The fossils were unearthed by paleontologists John Minch and Thomas Leslie, two Saddleback College professors whose San Juan Capistrano paleontological firm is monitoring excavation work on the Foothill Transportation Corridor.
The discoveries, Finch and Leslie said, indicate that hills now dotted by thousands of tract homes were once ocean beds frequented by sharks, whales and other marine life.
An Orange County ordinance and state law require that developers hire qualified archeologists and paleontologists to monitor construction likely to unearth fossils, said Laura Coley Eisenberg, an environmental analyst with the corridor agency.
Besides the fossil finds, experts have uncovered hundreds of tools and other items used by Gabrielino Indians.
For Finch and Leslie, the dig site turned out to be a paleontological gold mine. Among the finds were teeth of a never-before-discovered extinct type of whale.
Since excavation began in November, the paleontologists also have uncovered remains of sharks, sea cows and porpoises.

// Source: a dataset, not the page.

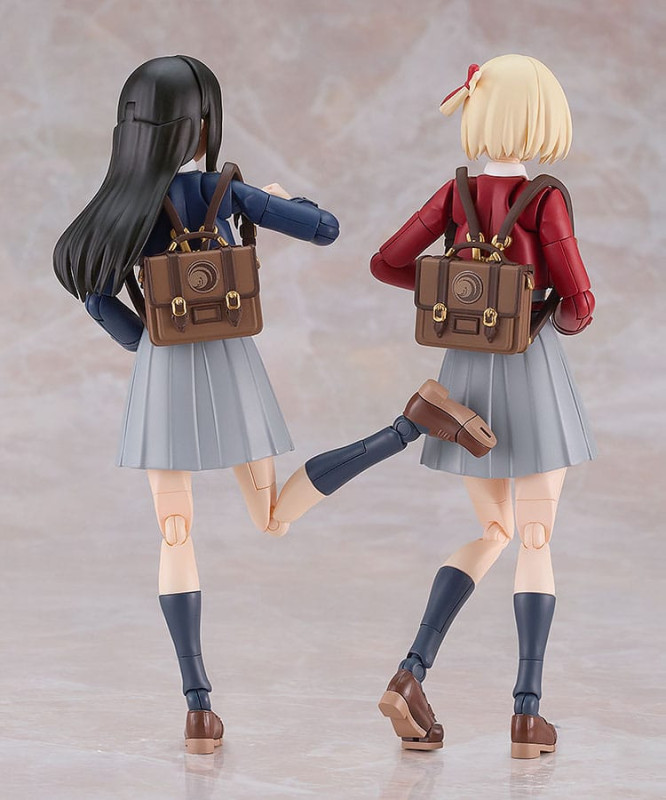 Lycoris Recoil Plastic Model Kit PLAMATEA Takina Inoue 15 cm 6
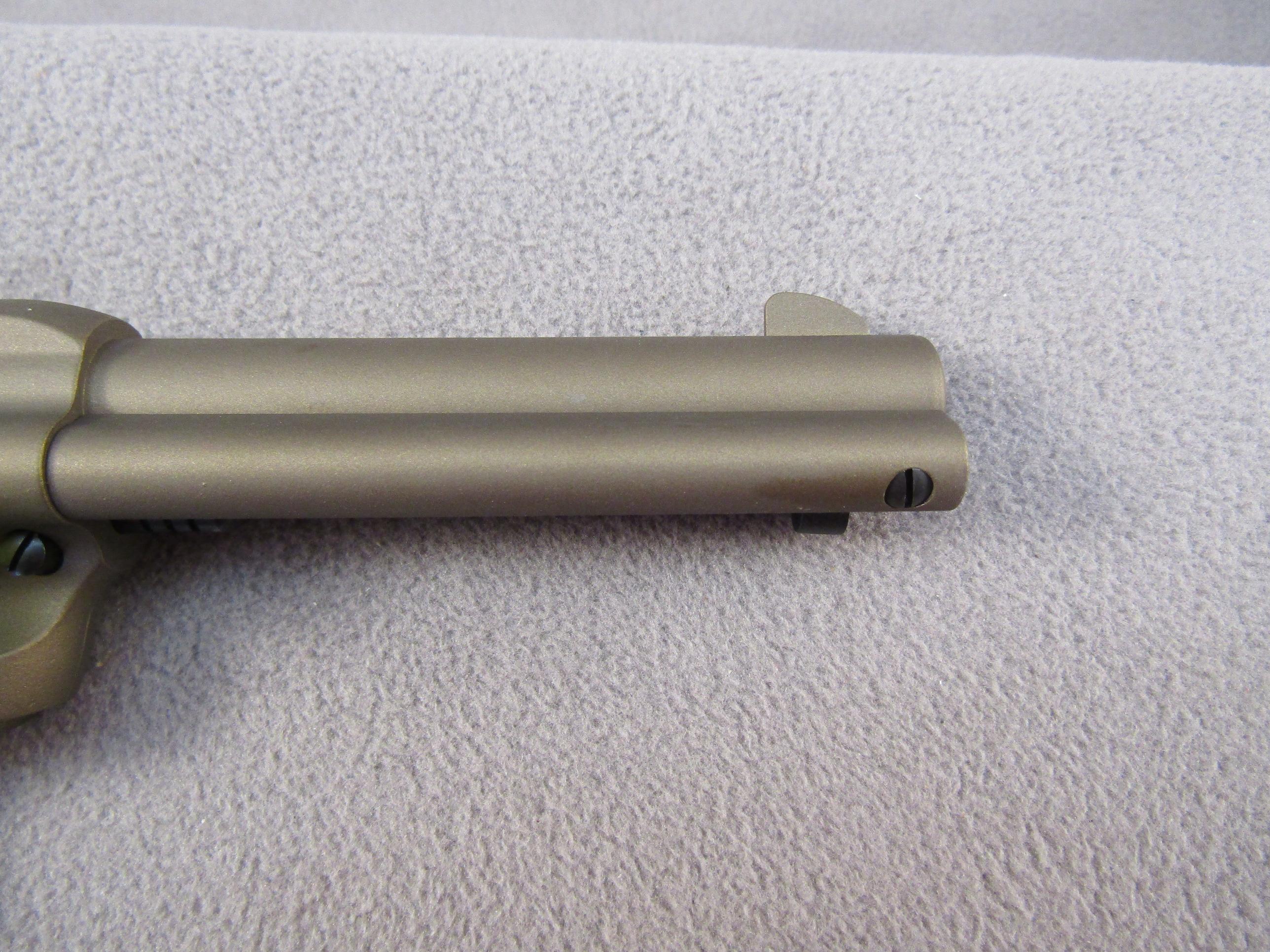handgun: RUGER WRANGLER, 22CAL REVOLVER, S#200-99851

The paleontologists unearthed perfectly preserved avocado leaves as well as fossils of plants found today only south of the Mexican border, suggesting that Southern California once had the tropical temperatures of La Paz, Mexico.
The kelp and marine fossils prove that the area from Camp Pendleton to Chino--through Coto de Caza, Mission Viejo, Irvine and Tustin--was once under water. But during the past 15 million years, vertical movement of the earth has caused a general elevation of the West Coast.
Dr. Lawrence G. Barnes, curator of vertebrate paleontology at the Los Angeles County museum, said he collected 30,000 fossils, ranging from small fish and shark teeth to parts of camels, in the same area 10 years ago.
"The latest discoveries confirm that this area near Oso is one of the top 10 marine fossil-producing areas in North America," said Barnes.
The paleontologists' discovery of complete fossils of \o7 pseudoseriola\f7 , possibly a mysterious ancestor of the bluefish, was of interest to Stewart of the Natural History Museum. Stewart said he has found "bits and pieces" of the fish in Central and Southern California, but the latest discovery is probably the best specimen.
"If it could be determined that this fish existed" in both the Atlantic and Pacific oceans, "then something like weather conditions changed to make them extinct here," he said.
Minch and Leslie said some of their fossils are bound to generate interest from other scientists. "Some of the fossils, like the crabs," Leslie said, "are so new to us because there are no descriptions of them in the scientific literature. We are having to start from scratch."